Start of Data shown

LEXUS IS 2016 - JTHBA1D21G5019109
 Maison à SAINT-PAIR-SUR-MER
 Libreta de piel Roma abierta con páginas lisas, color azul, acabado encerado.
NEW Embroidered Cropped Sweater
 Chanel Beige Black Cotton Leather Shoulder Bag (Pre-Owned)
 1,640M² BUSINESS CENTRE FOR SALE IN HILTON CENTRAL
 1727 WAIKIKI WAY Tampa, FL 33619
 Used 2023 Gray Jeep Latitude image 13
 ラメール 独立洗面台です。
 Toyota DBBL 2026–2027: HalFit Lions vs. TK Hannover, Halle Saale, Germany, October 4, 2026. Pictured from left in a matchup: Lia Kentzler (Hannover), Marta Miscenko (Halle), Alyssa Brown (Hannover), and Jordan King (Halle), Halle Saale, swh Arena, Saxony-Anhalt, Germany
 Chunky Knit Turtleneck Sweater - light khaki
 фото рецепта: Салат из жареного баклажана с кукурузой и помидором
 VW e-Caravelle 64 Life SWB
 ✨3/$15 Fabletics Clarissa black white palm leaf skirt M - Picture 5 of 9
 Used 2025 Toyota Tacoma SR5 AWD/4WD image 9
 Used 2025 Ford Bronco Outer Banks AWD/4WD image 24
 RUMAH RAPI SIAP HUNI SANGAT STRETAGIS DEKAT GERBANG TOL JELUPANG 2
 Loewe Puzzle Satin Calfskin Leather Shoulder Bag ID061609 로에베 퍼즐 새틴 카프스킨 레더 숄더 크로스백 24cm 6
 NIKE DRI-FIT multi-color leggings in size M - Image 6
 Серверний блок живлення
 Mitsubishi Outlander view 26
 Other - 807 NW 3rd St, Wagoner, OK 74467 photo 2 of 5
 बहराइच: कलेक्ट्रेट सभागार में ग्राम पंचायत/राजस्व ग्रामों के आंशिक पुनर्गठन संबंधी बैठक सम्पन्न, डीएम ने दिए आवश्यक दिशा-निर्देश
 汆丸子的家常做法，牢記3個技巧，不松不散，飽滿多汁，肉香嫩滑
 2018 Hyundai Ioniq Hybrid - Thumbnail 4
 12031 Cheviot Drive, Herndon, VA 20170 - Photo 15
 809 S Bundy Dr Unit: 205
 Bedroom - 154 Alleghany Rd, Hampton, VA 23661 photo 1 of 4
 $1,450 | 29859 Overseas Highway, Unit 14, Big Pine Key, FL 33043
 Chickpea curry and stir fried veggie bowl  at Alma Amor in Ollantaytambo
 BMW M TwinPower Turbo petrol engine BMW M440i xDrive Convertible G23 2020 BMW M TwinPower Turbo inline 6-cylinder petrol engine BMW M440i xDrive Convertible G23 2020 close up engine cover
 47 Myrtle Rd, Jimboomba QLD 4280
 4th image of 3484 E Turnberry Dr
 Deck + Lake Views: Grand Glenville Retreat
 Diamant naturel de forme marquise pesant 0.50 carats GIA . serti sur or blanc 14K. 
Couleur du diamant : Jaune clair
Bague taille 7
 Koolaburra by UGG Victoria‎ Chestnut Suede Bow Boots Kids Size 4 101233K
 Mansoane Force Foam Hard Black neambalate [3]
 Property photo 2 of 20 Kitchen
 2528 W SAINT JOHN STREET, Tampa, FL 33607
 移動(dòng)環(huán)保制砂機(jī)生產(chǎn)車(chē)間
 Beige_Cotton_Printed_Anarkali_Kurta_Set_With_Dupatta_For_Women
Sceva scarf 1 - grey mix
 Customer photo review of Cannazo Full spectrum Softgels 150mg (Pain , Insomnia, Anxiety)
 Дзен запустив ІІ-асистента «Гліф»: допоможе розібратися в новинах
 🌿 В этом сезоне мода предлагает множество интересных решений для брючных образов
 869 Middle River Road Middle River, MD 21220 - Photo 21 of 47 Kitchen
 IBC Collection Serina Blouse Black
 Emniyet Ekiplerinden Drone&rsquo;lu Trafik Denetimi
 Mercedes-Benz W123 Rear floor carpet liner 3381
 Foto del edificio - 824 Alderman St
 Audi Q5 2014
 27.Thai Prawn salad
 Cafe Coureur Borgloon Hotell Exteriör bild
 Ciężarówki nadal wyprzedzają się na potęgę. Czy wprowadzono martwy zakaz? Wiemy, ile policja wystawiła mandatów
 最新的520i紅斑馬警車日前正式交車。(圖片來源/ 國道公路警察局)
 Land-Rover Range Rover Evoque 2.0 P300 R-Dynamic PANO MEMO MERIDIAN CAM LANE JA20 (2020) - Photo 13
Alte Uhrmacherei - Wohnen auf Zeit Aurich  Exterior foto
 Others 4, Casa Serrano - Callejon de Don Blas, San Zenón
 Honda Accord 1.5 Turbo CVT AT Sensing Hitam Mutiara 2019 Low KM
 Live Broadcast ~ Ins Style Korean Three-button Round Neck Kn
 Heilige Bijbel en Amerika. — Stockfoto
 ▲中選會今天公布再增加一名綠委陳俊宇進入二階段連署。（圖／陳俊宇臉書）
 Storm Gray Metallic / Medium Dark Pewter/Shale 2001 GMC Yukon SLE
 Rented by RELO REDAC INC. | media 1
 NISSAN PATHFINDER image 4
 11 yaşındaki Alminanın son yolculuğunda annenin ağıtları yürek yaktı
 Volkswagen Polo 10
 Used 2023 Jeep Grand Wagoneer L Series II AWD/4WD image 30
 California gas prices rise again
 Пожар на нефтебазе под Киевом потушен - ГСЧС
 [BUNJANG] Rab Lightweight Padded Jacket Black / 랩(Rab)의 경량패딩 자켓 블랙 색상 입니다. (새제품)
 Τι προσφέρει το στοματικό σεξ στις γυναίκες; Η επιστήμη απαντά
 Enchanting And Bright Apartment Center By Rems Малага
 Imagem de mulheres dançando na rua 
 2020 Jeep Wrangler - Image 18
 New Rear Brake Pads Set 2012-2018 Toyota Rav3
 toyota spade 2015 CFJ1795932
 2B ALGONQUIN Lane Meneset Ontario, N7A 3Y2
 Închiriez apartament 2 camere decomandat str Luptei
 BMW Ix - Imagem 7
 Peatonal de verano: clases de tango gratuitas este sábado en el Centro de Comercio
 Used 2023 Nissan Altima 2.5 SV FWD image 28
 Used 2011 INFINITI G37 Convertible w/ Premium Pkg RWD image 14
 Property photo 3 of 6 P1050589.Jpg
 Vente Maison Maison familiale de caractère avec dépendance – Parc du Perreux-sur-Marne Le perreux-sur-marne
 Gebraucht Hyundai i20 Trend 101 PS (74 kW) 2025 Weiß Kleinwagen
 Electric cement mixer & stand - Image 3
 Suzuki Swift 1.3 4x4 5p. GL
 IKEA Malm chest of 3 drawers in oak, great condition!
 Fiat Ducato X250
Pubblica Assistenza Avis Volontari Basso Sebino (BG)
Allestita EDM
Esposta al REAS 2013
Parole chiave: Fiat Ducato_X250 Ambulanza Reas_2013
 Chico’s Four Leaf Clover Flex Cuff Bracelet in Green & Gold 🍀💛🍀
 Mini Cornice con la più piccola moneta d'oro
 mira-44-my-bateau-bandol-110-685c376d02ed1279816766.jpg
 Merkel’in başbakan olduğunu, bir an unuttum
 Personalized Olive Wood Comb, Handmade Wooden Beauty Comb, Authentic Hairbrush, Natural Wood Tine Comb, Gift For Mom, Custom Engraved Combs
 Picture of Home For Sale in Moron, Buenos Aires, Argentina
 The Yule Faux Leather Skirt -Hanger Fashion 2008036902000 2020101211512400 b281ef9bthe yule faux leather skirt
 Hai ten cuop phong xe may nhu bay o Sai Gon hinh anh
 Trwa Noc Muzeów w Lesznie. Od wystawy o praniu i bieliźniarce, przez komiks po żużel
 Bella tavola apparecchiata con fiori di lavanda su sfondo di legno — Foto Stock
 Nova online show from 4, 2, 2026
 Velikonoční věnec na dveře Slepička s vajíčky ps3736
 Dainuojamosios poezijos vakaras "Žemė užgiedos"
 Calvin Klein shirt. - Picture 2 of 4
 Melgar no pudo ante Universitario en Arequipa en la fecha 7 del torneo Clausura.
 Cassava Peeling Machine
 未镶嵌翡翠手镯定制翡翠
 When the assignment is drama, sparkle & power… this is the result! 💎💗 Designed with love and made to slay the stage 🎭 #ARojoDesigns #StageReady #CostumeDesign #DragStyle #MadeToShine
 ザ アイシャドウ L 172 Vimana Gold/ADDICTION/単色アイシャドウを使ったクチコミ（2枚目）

End of Data shown

If a line of the data holds the string "Tampa", list it.

Solution to this exercise ->
 1727 WAIKIKI WAY Tampa, FL 33619
 2528 W SAINT JOHN STREET, Tampa, FL 33607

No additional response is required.